UCLA Engineers Develop Polymer Solar Energy Cells

October 09, 2005 by Jeff Shepard

UCLA Henry Samueli School of Engineering and Applied Science (Los Angeles, CA) have developed a new and affordable way to harness the power of the sun using solar cell panels made out of everyday plastics. UCLA engineering professor Yang Yang, postdoctoral researcher Gang Li, and graduate student Vishal Shrotriya have created a new plastic (or polymer) solar cell they hope eventually can be produced at a mere 10 percent to 20 percent of the current cost of traditional cells, making the technology more widely available.

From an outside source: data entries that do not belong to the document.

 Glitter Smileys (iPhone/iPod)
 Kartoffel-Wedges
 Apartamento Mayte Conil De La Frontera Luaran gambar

Currently, almost 90 percent of the solar cells in the world market are made from a refined, highly purified form of silicon -- the same material used in manufacturing integrated circuits and computer chips. High demand from the computer industry has reduced the availability of quality silicon, resulting in high costs that rule out solar energy as an option for the average consumer. Made of a single layer of plastic sandwiched between two conductive electrodes, UCLA's solar cell is easy to mass-produce and costs much less to make -- roughly one-third of the cost of traditional silicon solar technology. The polymers used in its construction are commercially available in large quantities.

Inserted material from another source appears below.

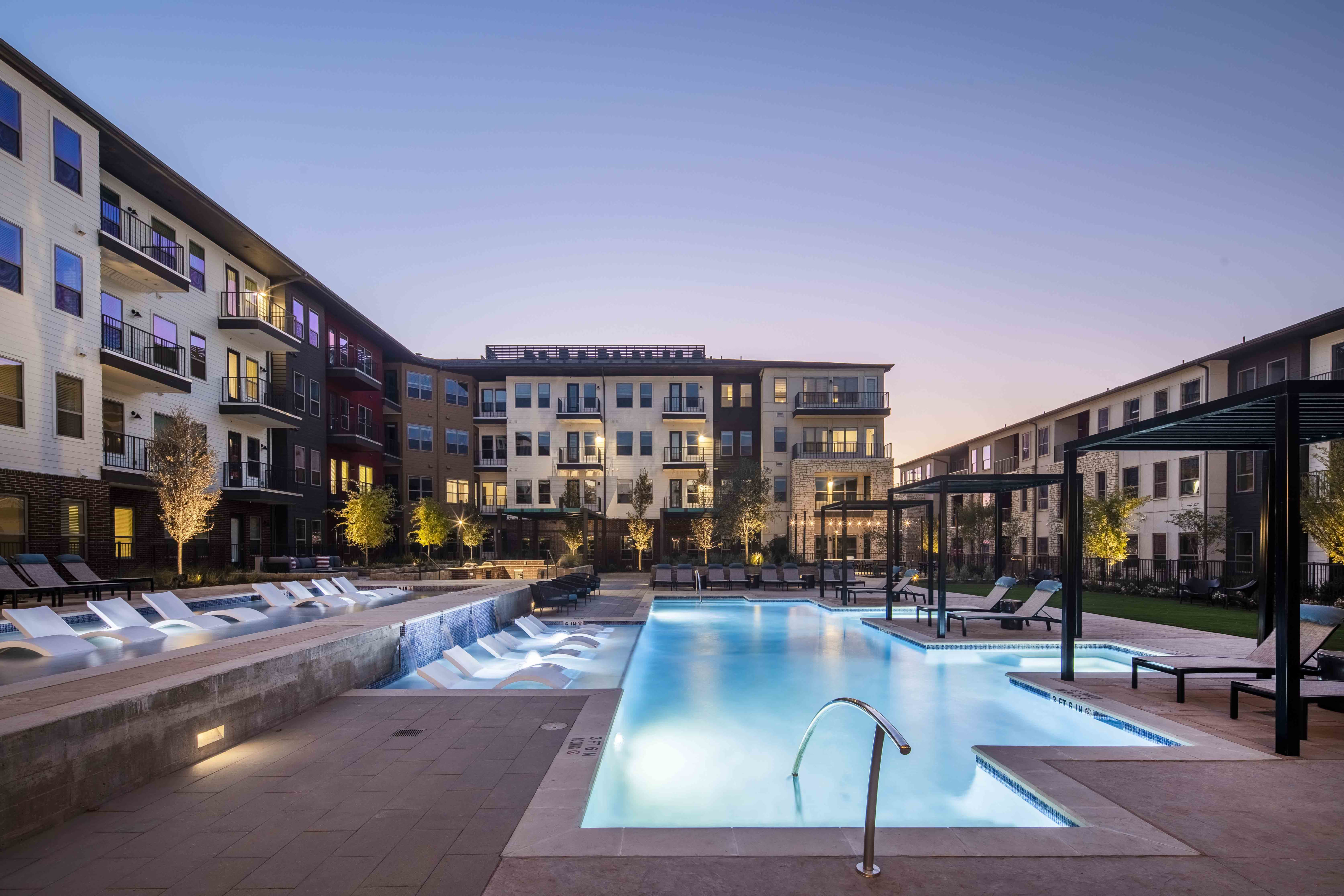 Sagemont Luxury Living – photo 1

Independent tests on the UCLA solar cell already have received high marks. The National Renewable Energy Laboratory (NREL, Golden, CO), a certification organization for solar technology, has helped the UCLA team ensure the accuracy of its efficiency numbers. The efficiency of the cell is the percentage of energy the solar cell gathers from the total amount of energy, or sunshine, that actually hits it. According to the UCLA team, the 4.4-percent efficiency achieved is the highest number yet published for plastic solar cells. Given the strides already made with the technology, the UCLA team calculates that they will be able to double the efficiency percentage in a short period of time. The target for polymer solar cell performance is ultimately about 15 percent to 20 percent efficiency, with a 15-year to 20-year lifespan. Large-sized silicon modules with the same lifespan typically have a 14 percent to 18 percent efficiency rating. The plastic solar cell is still a few years away from being available to consumers, but the UCLA team is working diligently to get it to market.

"Solar energy is a clean alternative energy source. It's clear, given the current energy crisis, that we need to embrace new sources of renewable energy that are good for our planet. I believe very strongly in using technology to provide affordable options that all consumers can put into practice," said Yang. "We hope that ultimately solar energy can be extensively used in the commercial sector as well as the private sector. Imagine solar cells installed in cars to absorb solar energy to replace the traditional use of diesel and gas. Using the same principle, cell phones can also be charged by solar energy. There are such a wide variety of applications."